Mom: Oh, [she now comes unstuck and travels back ten years….] I just bought that last week.

My mother is diligent in house upkeep in every other respect, but in the realm of groceries, the fridge door opens a fissure in time through which one can gain insight into the Loblaws of the 1990s.

This is what happens when one’s children move from the house and one adopts a salmon- and blueberry- only diet. I kid you not. Apparently they are good for the skin.

In any case, my lesson begins with a visit home to mom. To her credit, I find a fresh bagel and some cream cheese. I make a sandwich.

Then, I stick my head through the fridge portal and see a jar of pickles far in the back of the fridge.

Me: Mom, how old are those pickles?

Mom: Oh, […time travel…] I just bought those last week.

I gazed at the jar. The pickles seemed to have a hyper-green tinge. I was uncertain.

Me: Are you sure they are fresh? They look kind of old.

Mom: No, [still in the past] the oldest they could be is one month.

I opened the jar. There were three pickles left. Well, three and a half. One appeared to have had a bite taken from it and been placed back in the jar. A more pungent-than-usual vinegar smell assaulted my nose.

While cloudy brine may be one of the indicia of freshness, I wondered what positive opaqueness meant.

Mom: Go ahead, they’re fine.

I forked one of the pickles from the jar and took a hesitant bite.
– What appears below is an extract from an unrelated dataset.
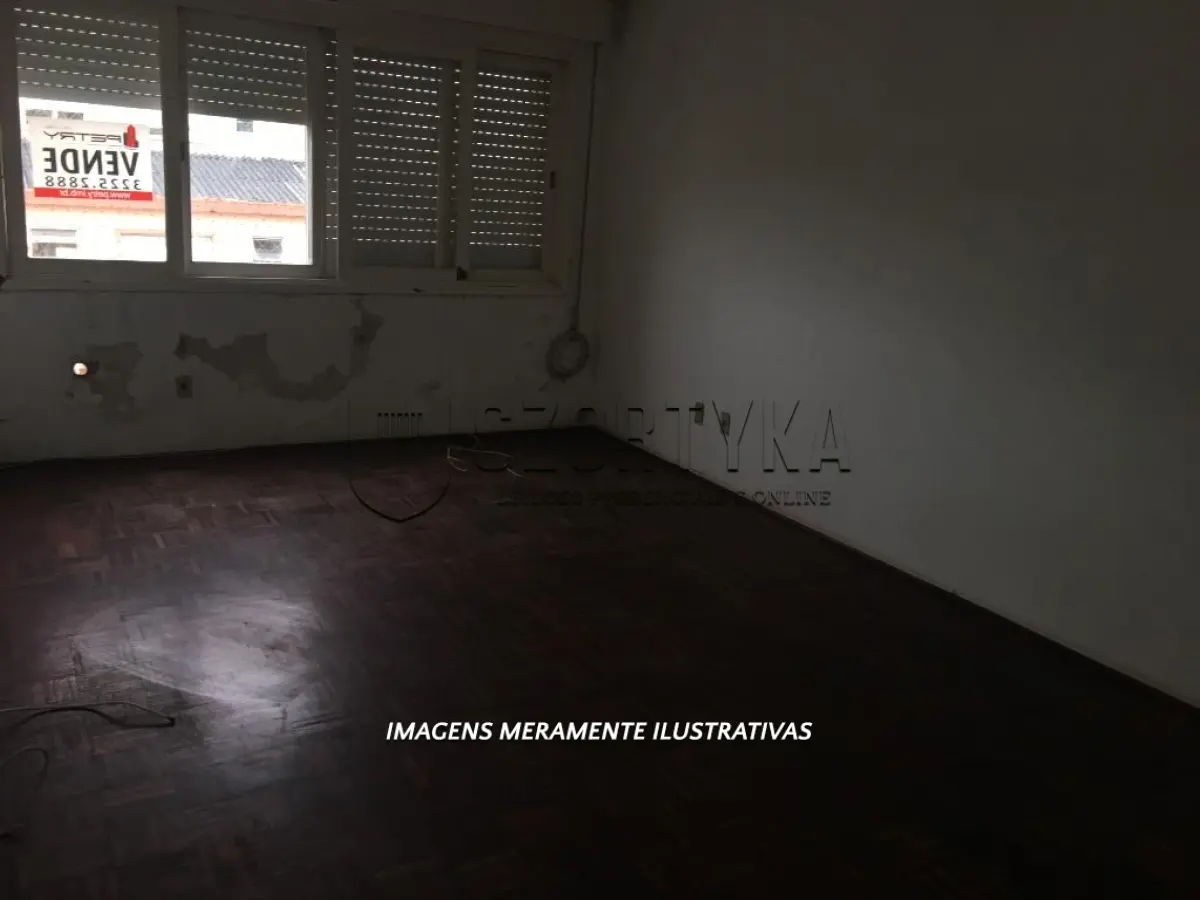 LOTE 001 - APARTAMENTO COM VAGA PARA ESTACIONAMENTO NO EDIFÍCIO TAMANDARÉ EM PELOTAS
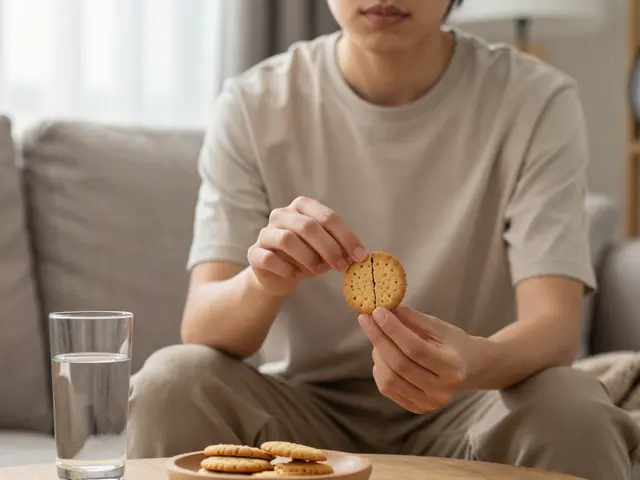 Jaké množství edibilů je vhodné pro začátečníka?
It instantly disintegrated in my mouth and burnt my tongue.

MY TASK: Trust my gut instincts more. If it looks like a bad pickle, and smells like a bad pickle, in all likelihood, it is a bad pickle.


Blogger Lisa said...

...agreed. I learned that lesson very early on, though, since I was the poor recipient of the 'real fruit chunk' orange juice. Me: mom, how old is this? Mom: I just bought it. Me: its chunky. Mom: it has real fruit chunks in it. I proceeded to drink the fowl orange juice, until better judgement told me to spit out a 'real fruit chunk' and investigate. Indeed, this 'real fruit chunk' was a 'real old chunk of mold'. Lesson: never trust moms faulty grocery time estimation.

10:55 AM  
Anonymous a said...

nadine, you are good. really good. the chance to read a few other acquaintances' new blogs recently made me appreciate how good you are -- it's yours i keep coming back to.

11:17 AM  
Blogger Nadine said...

Dear a,
Thank you very much for your kind comment. I'm so glad that you are enjoying.